In the early hours of Black Friday (November 28th) in Brazil, Serasa Experian, the first and largest datatech company in Brazil, detected 650,000 orders* placed up to noon in e-commerce, via digital transactions between national retail players. Of this total, which moved R$619,293,765.94, 912 purchases were identified as attempted scams, blocked by anti-fraud technologies. If they had been completed, they could have generated more than R$800,000 in losses for consumers and companies.
This date is one of the busiest on the Brazilian promotional calendar – and, in the first 12 hours, the value of purchases is already close to the total of the previous day, R$694 million. The numbers reflect the accelerated pace of online consumption and reinforce the importance of adopting robust authentication and identity verification technologies to guarantee secure experiences for consumers and businesses.
Common scams and tips for prevention
According to data from the datatech company, the week of Black Friday 2024 saw a 260% increase in the creation of phishing pages compared to other weeks of the month. This method is a type of digital scam in which criminals simulate official websites or communications from companies to deceive users and capture sensitive data, such as passwords and payment information. Given the expectation of intense activity in e-commerce in 2025, the warning remains: this is the time when consumers must redouble their efforts regarding online security.
To consumers
• Ensure your documents, cell phone, and cards are secure and have strong passwords for accessing applications;
• Be wary of offers for products and services with prices far below market value. During these periods of major promotions, it is common for cybercriminals to use the names of well-known stores to try to hack into your computer and collect sensitive data. They use emails, SMS messages, and fake websites to try to collect information such as credit card details, passwords, and the buyer's personal information;
• Be careful with links and files shared in social media messaging groups. They may be malicious and redirect to unsafe pages, infecting devices with commands that operate without the user's knowledge;
• Register your Pix keys only through official bank channels, such as your banking app, online banking, or bank branches;
• Do not provide passwords or access codes outside of the bank's website or app;
• Include your personal information and card details only if you are certain that it is a secure environment;
• Monitor your CPF (Brazilian taxpayer ID) frequently to ensure you haven't been a victim of fraud.
Tips for businesses:
• Establish internal information security policies and guide employees on best practices, such as using strong passwords and participating in awareness training.

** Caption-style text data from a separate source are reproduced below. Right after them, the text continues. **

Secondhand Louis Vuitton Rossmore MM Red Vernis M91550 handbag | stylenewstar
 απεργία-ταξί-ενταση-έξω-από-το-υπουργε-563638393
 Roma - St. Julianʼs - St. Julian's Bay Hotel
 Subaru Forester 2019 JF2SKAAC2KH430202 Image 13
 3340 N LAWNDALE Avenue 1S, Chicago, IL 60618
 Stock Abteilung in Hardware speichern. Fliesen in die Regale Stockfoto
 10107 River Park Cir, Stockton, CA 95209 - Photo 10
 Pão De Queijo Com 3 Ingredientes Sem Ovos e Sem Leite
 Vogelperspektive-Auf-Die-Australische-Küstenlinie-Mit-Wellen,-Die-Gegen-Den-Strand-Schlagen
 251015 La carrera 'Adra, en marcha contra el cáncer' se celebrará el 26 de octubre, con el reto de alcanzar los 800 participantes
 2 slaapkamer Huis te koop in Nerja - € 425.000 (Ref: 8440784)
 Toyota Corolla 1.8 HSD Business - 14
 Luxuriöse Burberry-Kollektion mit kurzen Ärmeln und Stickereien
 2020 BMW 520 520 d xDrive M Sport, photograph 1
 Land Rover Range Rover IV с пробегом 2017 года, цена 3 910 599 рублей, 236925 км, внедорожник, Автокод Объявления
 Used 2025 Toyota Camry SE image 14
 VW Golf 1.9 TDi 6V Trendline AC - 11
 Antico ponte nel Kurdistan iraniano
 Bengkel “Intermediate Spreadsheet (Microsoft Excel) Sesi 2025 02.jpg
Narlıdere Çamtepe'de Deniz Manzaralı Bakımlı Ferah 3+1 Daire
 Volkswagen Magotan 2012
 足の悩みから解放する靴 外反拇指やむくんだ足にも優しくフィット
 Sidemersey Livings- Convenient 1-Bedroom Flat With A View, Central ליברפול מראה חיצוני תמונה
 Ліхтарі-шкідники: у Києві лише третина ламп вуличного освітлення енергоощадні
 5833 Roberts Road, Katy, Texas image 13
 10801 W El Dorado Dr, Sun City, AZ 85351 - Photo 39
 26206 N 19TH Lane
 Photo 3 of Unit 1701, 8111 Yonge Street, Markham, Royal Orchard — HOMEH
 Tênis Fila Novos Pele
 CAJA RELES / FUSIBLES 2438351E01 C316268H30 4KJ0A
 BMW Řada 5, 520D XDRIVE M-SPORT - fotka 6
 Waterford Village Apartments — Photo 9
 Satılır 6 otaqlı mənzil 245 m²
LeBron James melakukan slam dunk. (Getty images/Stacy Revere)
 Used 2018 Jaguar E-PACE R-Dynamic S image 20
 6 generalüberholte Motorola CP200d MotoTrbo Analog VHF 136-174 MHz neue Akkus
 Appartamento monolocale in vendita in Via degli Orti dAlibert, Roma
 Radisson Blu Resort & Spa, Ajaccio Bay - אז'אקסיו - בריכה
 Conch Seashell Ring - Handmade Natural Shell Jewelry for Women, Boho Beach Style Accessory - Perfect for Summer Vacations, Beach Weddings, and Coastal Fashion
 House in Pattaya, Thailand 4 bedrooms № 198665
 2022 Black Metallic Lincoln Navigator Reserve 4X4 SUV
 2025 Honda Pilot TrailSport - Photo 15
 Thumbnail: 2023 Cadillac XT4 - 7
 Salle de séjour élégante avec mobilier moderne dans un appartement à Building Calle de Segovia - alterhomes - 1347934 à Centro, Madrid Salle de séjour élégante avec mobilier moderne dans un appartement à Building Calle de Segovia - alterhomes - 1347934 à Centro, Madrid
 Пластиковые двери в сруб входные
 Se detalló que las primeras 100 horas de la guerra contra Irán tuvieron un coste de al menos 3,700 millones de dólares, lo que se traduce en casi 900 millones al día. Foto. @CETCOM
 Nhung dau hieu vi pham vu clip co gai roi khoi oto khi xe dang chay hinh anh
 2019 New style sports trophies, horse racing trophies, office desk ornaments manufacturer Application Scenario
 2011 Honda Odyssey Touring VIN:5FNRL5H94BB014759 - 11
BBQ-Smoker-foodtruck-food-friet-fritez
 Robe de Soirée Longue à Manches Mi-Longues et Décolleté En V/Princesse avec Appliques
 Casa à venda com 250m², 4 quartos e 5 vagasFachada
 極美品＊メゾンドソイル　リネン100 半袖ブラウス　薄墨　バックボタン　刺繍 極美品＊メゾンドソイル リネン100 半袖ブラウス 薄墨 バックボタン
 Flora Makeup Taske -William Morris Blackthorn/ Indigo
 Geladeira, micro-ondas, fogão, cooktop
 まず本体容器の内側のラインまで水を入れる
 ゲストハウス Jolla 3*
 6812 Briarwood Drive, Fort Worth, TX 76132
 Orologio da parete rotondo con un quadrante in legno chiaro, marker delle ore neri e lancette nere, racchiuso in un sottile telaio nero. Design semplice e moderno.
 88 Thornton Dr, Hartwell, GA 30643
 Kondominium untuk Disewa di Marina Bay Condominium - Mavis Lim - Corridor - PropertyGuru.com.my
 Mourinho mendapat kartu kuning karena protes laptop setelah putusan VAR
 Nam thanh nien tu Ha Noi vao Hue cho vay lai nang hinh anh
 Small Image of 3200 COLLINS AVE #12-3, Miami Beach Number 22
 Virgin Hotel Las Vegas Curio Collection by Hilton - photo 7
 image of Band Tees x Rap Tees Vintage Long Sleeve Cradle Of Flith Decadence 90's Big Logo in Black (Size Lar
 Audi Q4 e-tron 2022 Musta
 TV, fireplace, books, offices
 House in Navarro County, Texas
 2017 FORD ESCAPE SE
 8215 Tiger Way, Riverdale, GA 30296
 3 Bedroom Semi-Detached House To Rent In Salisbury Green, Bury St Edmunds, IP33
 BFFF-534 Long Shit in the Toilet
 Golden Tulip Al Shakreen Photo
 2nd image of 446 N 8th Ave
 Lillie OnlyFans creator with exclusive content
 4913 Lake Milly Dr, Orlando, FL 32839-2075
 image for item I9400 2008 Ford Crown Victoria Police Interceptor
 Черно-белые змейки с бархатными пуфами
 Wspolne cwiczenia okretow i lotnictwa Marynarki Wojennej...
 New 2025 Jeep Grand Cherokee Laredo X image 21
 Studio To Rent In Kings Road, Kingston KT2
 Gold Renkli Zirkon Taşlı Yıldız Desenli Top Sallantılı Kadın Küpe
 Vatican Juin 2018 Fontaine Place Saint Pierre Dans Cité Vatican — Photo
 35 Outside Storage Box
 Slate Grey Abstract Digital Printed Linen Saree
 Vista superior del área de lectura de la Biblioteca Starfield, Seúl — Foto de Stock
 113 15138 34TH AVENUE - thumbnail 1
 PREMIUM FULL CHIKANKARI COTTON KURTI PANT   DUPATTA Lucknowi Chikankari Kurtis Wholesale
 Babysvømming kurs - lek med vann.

• Adopt encryption in data transmission to protect sensitive customer and company information from interception.
• Implement anti-fraud solutions to minimize financial and reputational risks. Having dedicated specialists and technologies makes your company better prepared to deal with sophisticated scams.
• Utilize layered prevention as a central strategy. Combined tools act at different points in the digital journey and are essential in the face of constantly evolving fraud.
• Invest in solutions that are continuously updated, ensuring data accuracy and greater resilience against new threats.
• Understand your user's behavior and reduce friction in the digital journey, without compromising security.
• Treat fraud prevention as a competitive advantage: well-orchestrated solutions increase security, reduce losses, and improve the shopping experience.
*The survey only considers transactions carried out between 00:00 and 12:00 on 11/28/2025 analyzed by Serasa Experian.